The frozen thin slices of tissue are mounted on a warm glass slide at room temperature, or the paraffin embedded slides are mounted on a heated glass. This allow them to be stained and ready for staining. The tissue mounted slides are then dry in open air or in a drying oven.
Multiple stain baths are used to make the tissue more visible to the naked eye. Please see histology for discussion of the stains used. Sections usually have a very thin piece of glass applied over the surface called a cover slip. The glass cover slip is glued onto the slide with a special optical grade transparent glue.

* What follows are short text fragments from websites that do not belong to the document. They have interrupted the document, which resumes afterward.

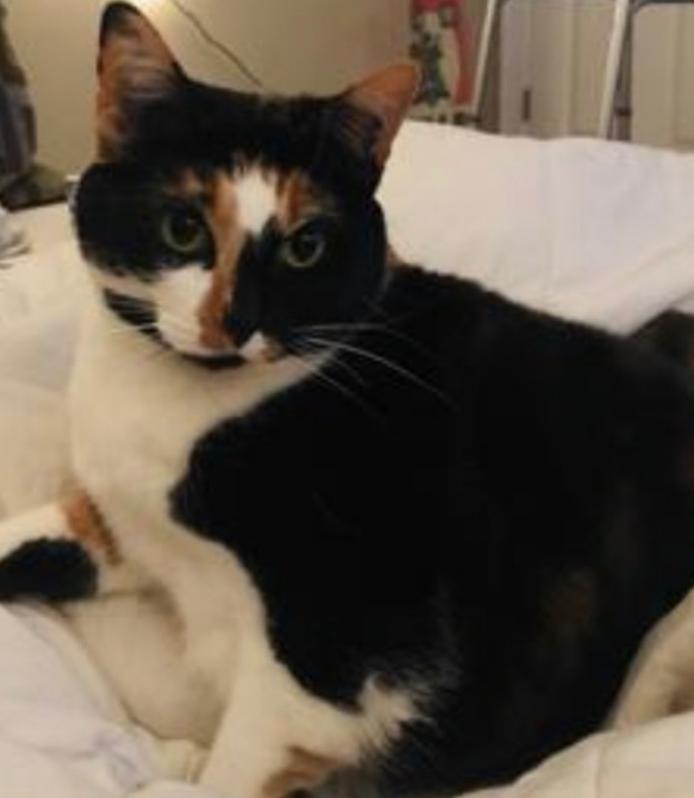 Image of Janie, Lost Cat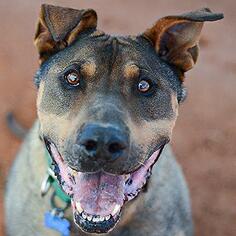 American Pit Bull Terrier-Chinese Shar-Pei Mix Dogs for adoption in Kanab, UT, USA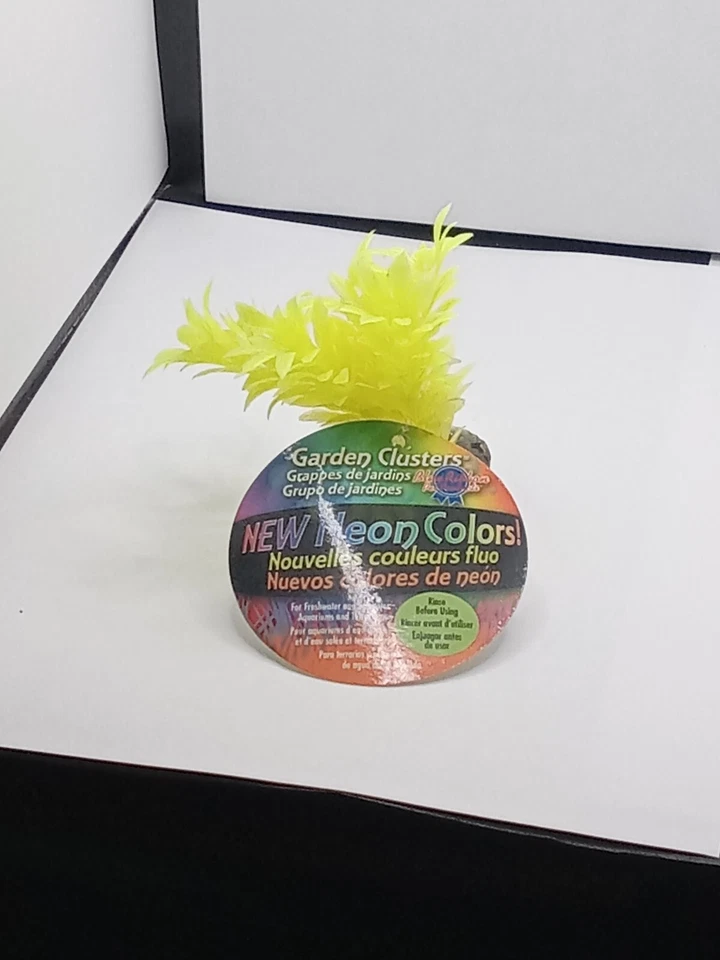 Blue Ribbon Exotic Mini Plant Neon Yellow - Image 1 of 1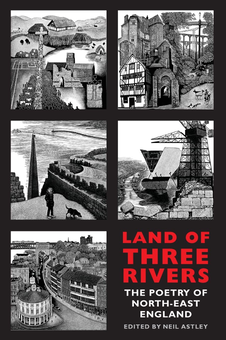 Бумажная книга «Land of Three Rivers», автор Нил Эстли - фото №1 - миниатюра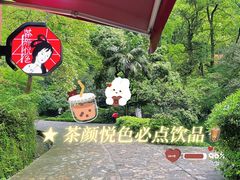 -茶颜悦色(岳麓山顶店)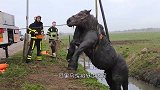 狐狸被玻璃罐卡住头，被男子解救后，狐狸的举动令人感动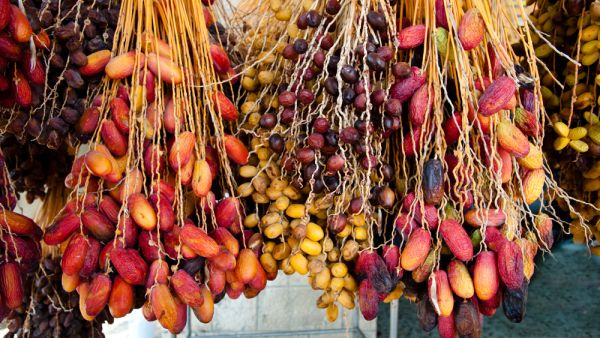 Fresh dates  (Shutterstock/File Photo)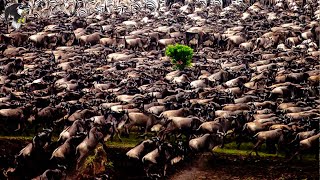 A Migração Devastadora De Um Milhão De Gnus O Que Aconteceu  Animais Selvagens [upl. by Nylimaj]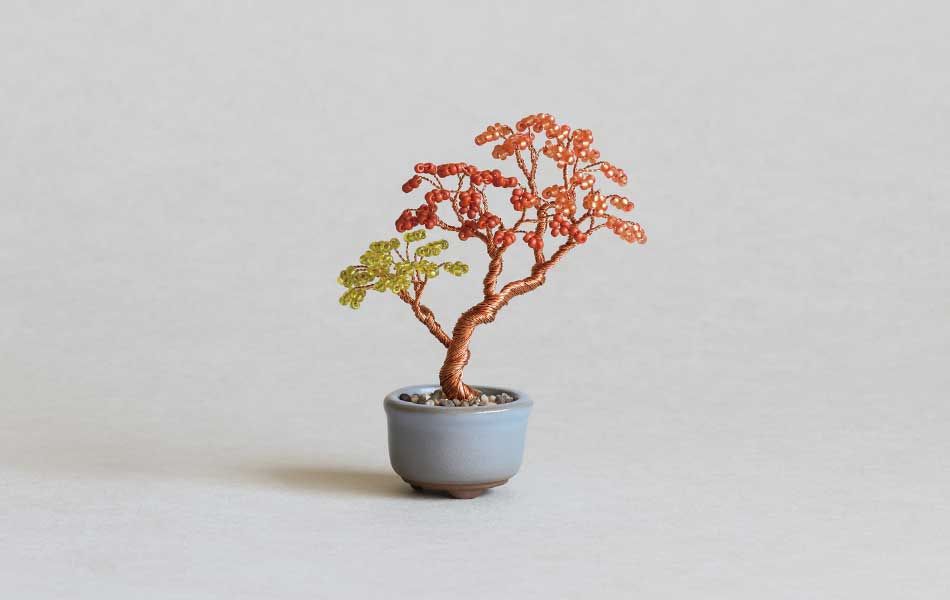 ネジッテBONSAI（紅葉）HCA30//5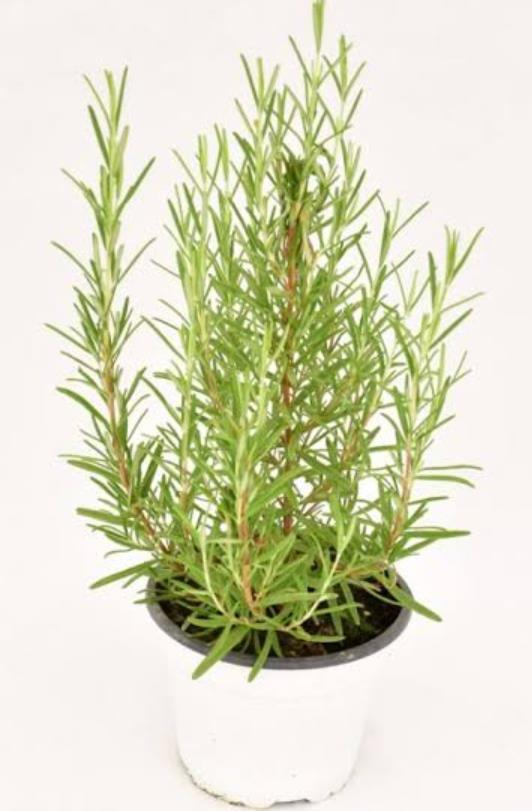 Rosemary Plant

| Stain | Common use | Nucleus | Cytoplasm | Red blood cell (RBC) | Collagen fibers | Specifically stains |
|---|---|---|---|---|---|---|
| Haematoxylin | General staining when paired with eosin (i.e. H&E) | Blue | N/A | N/A | N/A | Nucleic acids—blue
ER (endoplasmic reticulum)—blue |
| Eosin | General staining when paired with haematoxylin (i.e. H&E) | N/A | Pink | Orange/red | Pink | Elastic fibers—pink
Collagen fibers—pink Reticular fibers—pink |
| Toluidine blue | General staining | Blue | Blue | Blue | Blue | Mast cells granules—purple |
| Masson's trichrome stain | Connective tissue | Black | Red/pink | Red | Blue/green | Cartilage—blue/green
Muscle fibers—red |
| Mallory's trichrome stain | Connective tissue | Red | Pale red | Orange | Deep blue | Keratin—orange
Cartilage—blue Bone matrix—deep blue Muscle fibers—red |
| Weigert's elastic stain | Elastic fibers | Blue/black | N/A | N/A | N/A | Elastic fibers—blue/black |
| Heidenhain's AZAN trichrome stain | Distinguishing cells from extracellular components | Red/purple | Pink | Red | Blue | Muscle fibers—red
Cartilage—blue Bone matrix—blue |
| Silver stain | Reticular fibers, nerve fibers, fungi | N/A | N/A | N/A | Reticular fibers—brown/black
Nerve fibers—brown/black |
|
| Wright's stain | Blood cells | Bluish/purple | Bluish/gray | Red/pink | N/A | Neutrophil granules—purple/pink
Eosinophil granules—bright red/orange Basophil granules—deep purple/violet Platelet granules—red/purple |
| Orcein stain | Elastic fibres | Deep blue [or crazy red] | N/A | Bright red | Pink | Elastic fibres—dark brown
Mast cells granules—purple Smooth muscle—light blue |
| Periodic acid-Schiff stain (PAS) | Basement membrane, localizing carbohydrates | Blue | N/A | N/A | Pink | Glycogen and other carbohydrates—magenta |
Table sourced from Michael H. Ross, Wojciech Pawlina, (2006). Histology: A Text and Atlas. Hagerstown, MD: Lippincott Williams & Wilkins. ISBN 0-7817-5056-3.
The Nissl method and Golgi's method are useful in identifying neurons.